Chugh: Despite advances in green technology and solar energy becoming immensely cheap the outlook for renewables growth in the next decade doesn’t look promising. IRENA’s latest prediction suggests renewables’ share in the global energy mix will rise by less than 3% by 2030. Why are the numbers so dismal?
Goodall: It does look dismal, yes, I agree. IRENA’s latest review predicts the current share of 18.3% will rise to 21% by 2030. That’s what they say will happen if countries just meet their commitments under Paris Agreement. The review emphasises that it is possible to reach 36% by that time frame but for that we need at least $770 billion in global investments and a big momentum towards that goal. Background to this is that international agencies are terrified of cheerleading for a transition that they are not absolutely certain is going to happen.
Chugh: And why is that?
Goodall: I think we humans are terrified of departing too much from the conventional view. And we sort of believe that although things, say in the case of solar pv have gotten better and better over time, we think it can’t possibly go on like this. There’s an inbuilt scepticism about the predictability of future amongst us. When the report came out last year I looked at some of the projections made in the past by major government institutions here (Britain), in the US and elsewhere in the world, including International Energy Agency, about the growth of renewables over time. Every single year repeatedly, time after time, every one of these bodies without exception underestimated the growth of solar to come in the next few years.

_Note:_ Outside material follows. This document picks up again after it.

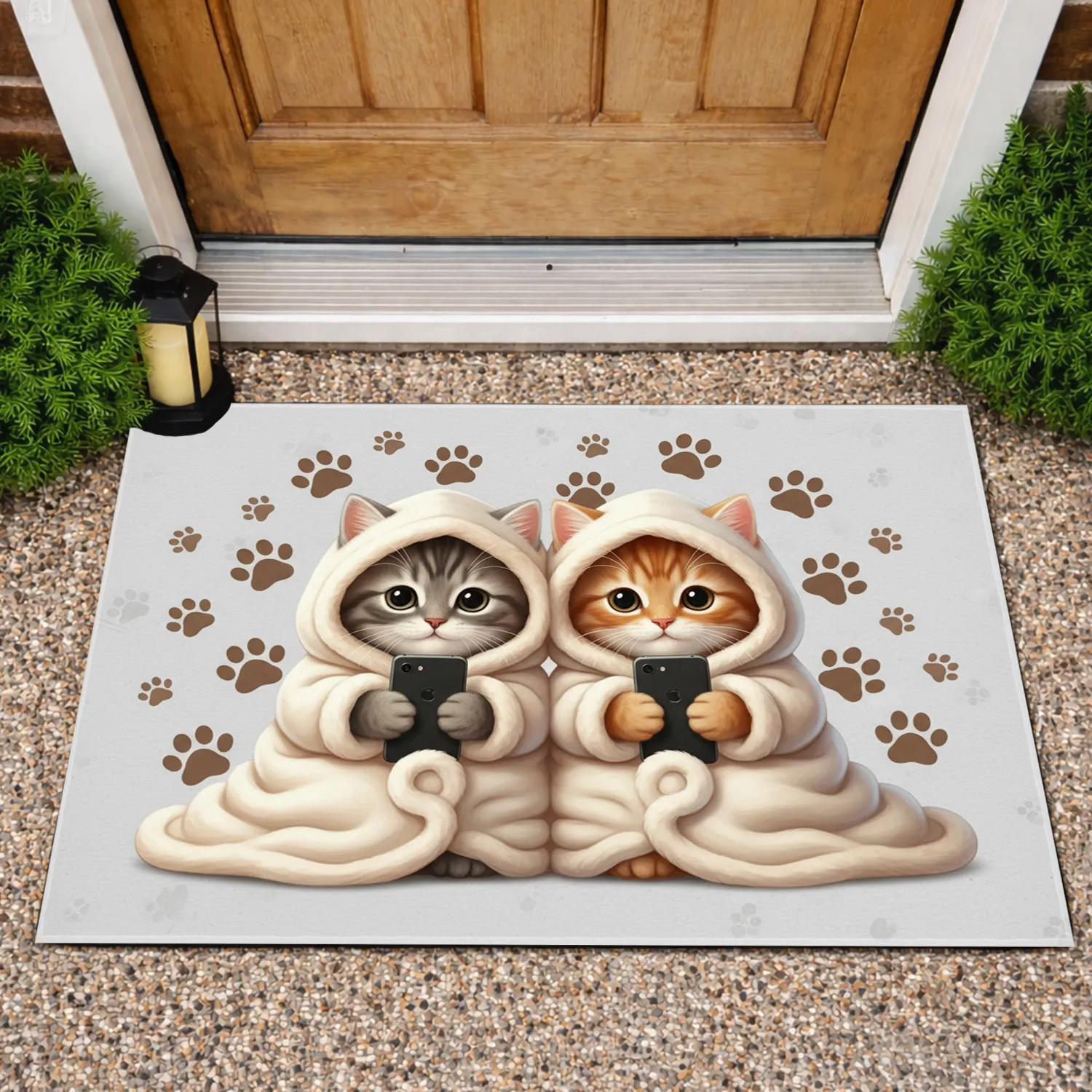 Grey Orange Tabby Kittens Snuggled Paw Prints - Home Decor Gift for Cat Lover Doormat - 1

What we have seen for 60 years as that as solar is produced and stored its price comes down, which creates a virtual circle whereby people see solar has come down in price and they become more interest in installing it. And the circle goes on. But in special energy agencies like IRENA they are saying, well, we are not certain this is going to continue, however, it can continue if people get their acts together. Everyone knows that’s not enough. Things need to move faster to get to 36% by 2030 than governments are currently saying their policies will indicate. And to sustain the momentum you need $770billion, that’s roughly double of what’s being spent at the moment per year on renewable energies.
Chris Goodall is the author of Ten Technologies To Fix Energy and Climate. His latest book The Switch released in July 2016.